Кейко рубит мотыгой засохшее дерево – слышатся три удара, после чего…

Сцена 1: красный свет прожектора падает на огромное круглое зеркало, образующее задник, – это восход солнца.

Красное световое пятно постепенно затухает, и на Сцене 1 появляются четыре молодых человека в белых летних униформах военизированной организации «Общества Щита» Мисимы. Они кланяются зеркалу, в котором отражается восход солнца.

Декорации Сцены 1: гостиная в стиле восемнадцатого века, вся мебель до конца пьесы стоит в белых чехлах, в большие – от пола до потолка – окна видна мраморная статуя Аполлона, которая находится в небольшом внутреннем дворике. Мебель расставлена так, что позволяет действующим лицам свободно двигаться…

Члены «Общества Щита» снимают фуражки и повязывают голову широкими лентами с лозунгом: «Отдай императору все Семь Жизней». Затем они натягивают – на высоте талии – несколько пеньковых веревок с прикрепленными к ним ритуальными бумажными полосками и тем самым как будто прокладывают дорогу, которая тянется через Сцену 1 и ведет к Сцене 2, туда, где возвышается лесная хижина Кейко.

В то время когда члены «Общества Щита» натягивают веревки, SanctusШуберта смолкает и начинает звучать музыка дзен – бамбуковая флейта и барабаны. Прокладывая Священный Путь, молодые люди декламируют синтоистские тексты (которые обычно читают на празднике Первых Плодов после восхождения императора на трон или на придворном празднике урожая)

«… богатый урожай риса, собранный благодаря труду людей, с рук которых капает пот, словно вода морская, на бедра которых налипла грязь…»

Молодые люди заканчивают свою работу, и свет на Сцене 1 гаснет.
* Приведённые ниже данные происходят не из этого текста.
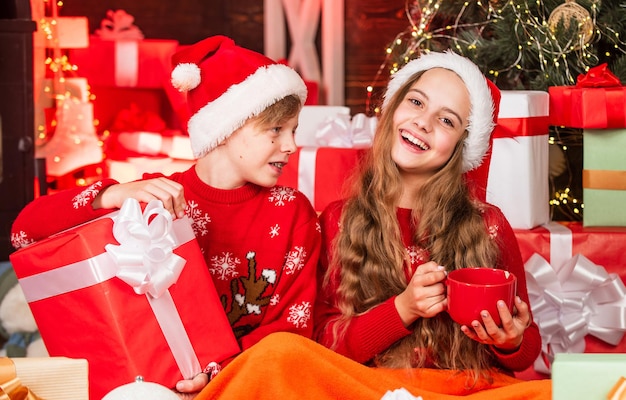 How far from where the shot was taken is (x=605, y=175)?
7.43 feet

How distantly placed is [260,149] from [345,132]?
2.62 feet

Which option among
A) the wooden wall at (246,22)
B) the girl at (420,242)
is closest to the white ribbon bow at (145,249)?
the girl at (420,242)

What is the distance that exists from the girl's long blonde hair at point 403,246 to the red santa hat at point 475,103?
26 mm

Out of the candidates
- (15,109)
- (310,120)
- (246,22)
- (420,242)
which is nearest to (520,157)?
(420,242)

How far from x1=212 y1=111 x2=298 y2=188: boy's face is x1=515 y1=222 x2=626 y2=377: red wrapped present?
2.58 feet

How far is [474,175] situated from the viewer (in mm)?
1919

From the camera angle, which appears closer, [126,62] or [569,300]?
[569,300]

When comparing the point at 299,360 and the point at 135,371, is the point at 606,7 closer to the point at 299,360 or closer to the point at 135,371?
the point at 299,360

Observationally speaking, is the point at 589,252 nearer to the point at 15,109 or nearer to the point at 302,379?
the point at 302,379

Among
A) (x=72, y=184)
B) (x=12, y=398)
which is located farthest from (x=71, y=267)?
(x=72, y=184)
Сцена 2: Кейко снова бьет мотыгой по дереву (тук, тук, тук) и…

Сцена 1: неяркий луч прожектора высвечивает Юкио Мисиму, он стоит на коленях на авансцене перед письменным столом и пишет.

Кейко (опершись на мотыгу, смотрит на Мисиму): Клен окрасился в багровые тона в конце лета. Пение сверчка похоже на звук прялки, прядущей сухую мертвую траву, – кири, хатари, чурр, исо…

Мисима (за письменным столом): … кири, хатари, чурр, исо… У меня нет времени. Произведение должно быть прекрасным, совершенным, но у меня нет времени. У меня осталось время лишь на то, чтобы написать фарс. Вот я и пишу фарс. (Пишет.) Эти сливы не цвели…

Кейко (словно эхо повторяет слова Мисимы): Эти сливы не цвели в нынешнем году. Их надо обрезать. Таков мой долг. То, что не цвело, должно снова расцвести…

Мисима: Что это за звук? Джьяри, джьяри, джьяри… С таким звуком шелковичные черви грызут листья тутового дерева. Джьяри, джьяри, джьяри… Нет, это просто шелест бумаги. В комнате холодно. Или мне так кажется? (Снимает рубашку, она, как и его брюки, белая.) На моем теле выступил пот. Меня знобит, как человека, охваченного паникой. (Дотрагивается до своих ладоней, плеч, торса.) Мое тело холодно как лед. Живое тепло покинуло меня (дотрагивается до головы), оно перешло сюда, чтобы питать мозг, стерильный лунный свет которого падает на мой письменный стол. (Пишет.) Остановись! Что ты делаешь? Не безумие ли это?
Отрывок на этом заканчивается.